NEWS ** 2 pages ** August 31, 2005
For Immediate Release
Contact: Chris Wood, VP for Conservation Programs, 703-284-9403
Steve Moyer, VP for Government Affairs, 703-284-9406
Conservation group sees new NOAA program as having “phenomenal potential to restore our home waters”
WASHINGTON – The national conservation organization Trout Unlimited (TU) today applauded the Department of Commerce’s creation of a grant program designed to remove barriers to fish passage in communities nationwide, calling it “a progressive initiative with phenomenal potential to restore our home waters.”

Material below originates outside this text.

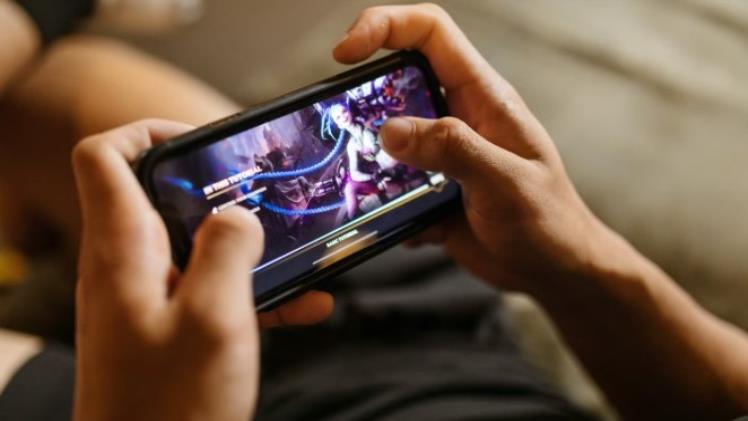 How Players Approach Online Gaming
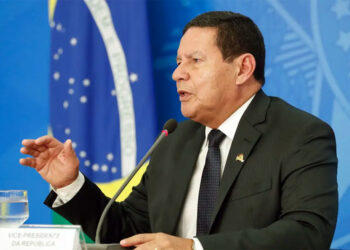 Mourão diz que “sistema está atuando com ferramentas de um estado policial”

Announced at the White House Conference on Cooperative Conservation, the Open Rivers Initiative will provide funds through the National Oceanic and Atmospheric Administration (NOAA) to help towns tear down obsolete dams and improve the many culverts that block fish attempting to swim upstream.
“Given significant, secure and continued funding,” said Chris Wood, a TU vice president, “the Open Rivers Initiative could make a much-needed contribution to our nation’s overall aquatic health. We have seen the resurgence of life that followed dam removals in waters like Maine’s Georges and Wisconsin’s Onion Rivers, so we know that such efforts can lead to positive change. And we can’t wait to see the improvement in fish populations that will follow a series of small dam removal projects in communities country-wide.”
NOAA estimates that there are 2.5 million dams across the country, many less than six feet tall and some up to 200 years old. The Open Rivers Initiative will target dams where community consensus and the dam owners support removal, the dam no longer serves a useful purpose, and removal will have the greatest benefit to anadromous fish like salmon, striped bass and shad.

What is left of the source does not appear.